N&P launches 3.99pc fixed-rate mortgage

Norwich & Peterborough Building Society (N&P) has launched a low rate, low fee mortgage to attract buyers who plan to stay in their property for a longer period of time.

The ten-year fixed rate mortgage offers an interest rate of just 3.99 per cent APR, making it one of the cheapest deals on the market.

It is available to borrowers with 75 per cent loan-to-value ratio and the fee is just £295.

Borrowers will receive a free valuation and either free legal fees for remortgages or £200 cashback.
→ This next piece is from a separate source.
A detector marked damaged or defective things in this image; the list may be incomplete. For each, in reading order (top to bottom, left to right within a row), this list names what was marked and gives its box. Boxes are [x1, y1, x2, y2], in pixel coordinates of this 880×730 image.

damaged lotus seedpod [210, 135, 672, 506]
N&P product manager, Richard Barker, said: “We know that this competitive rate will be welcome news for those who wish to fix for a longer period of time giving them the certainty of what their monthly payments will be for the duration of their loan”.

Earlier this month, Nationwide Building Society launched a two-year fixed-rate mortgage with a loan-to-value ratio of 90 per cent for low-deposit buyers.
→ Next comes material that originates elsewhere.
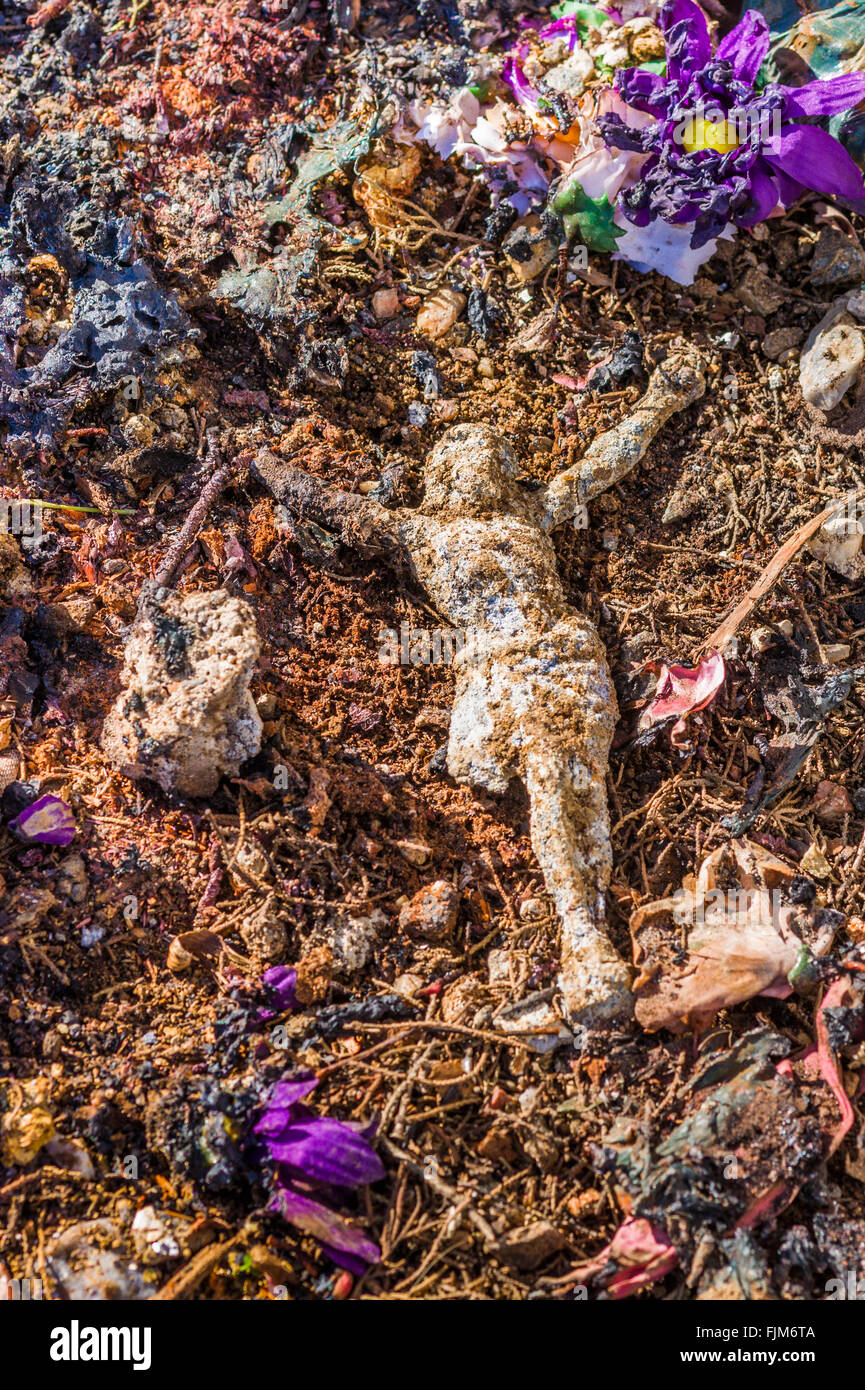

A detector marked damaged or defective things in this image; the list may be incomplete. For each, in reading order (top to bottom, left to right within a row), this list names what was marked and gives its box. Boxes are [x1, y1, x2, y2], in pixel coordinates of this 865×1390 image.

Borrowers willing to pay a £900 fee will receive a rate of 5.29 per cent or the mortgage is available with no fee at a rate of 5.69 per cent.

For those with a bigger deposit, a rate of 2.99 per cent is available at 60 per cent LTV with a fee of £900.

Despite the flurry of new offers in the market place providing welcome competition, the Council of Mortgage Lenders (CML) warned that the uncertainty created by the ongoing eurozone crisis makes it difficult to predict how the mortgage market will develop in 2012.

In December 2011 gross mortgage lending totalled £11.7bn, 12 per cent higher than December 2010, but a 12 per cent decline compared with the previous month.

Some analysts are predicting that house prices could fall by up to 10 per cent in 2012.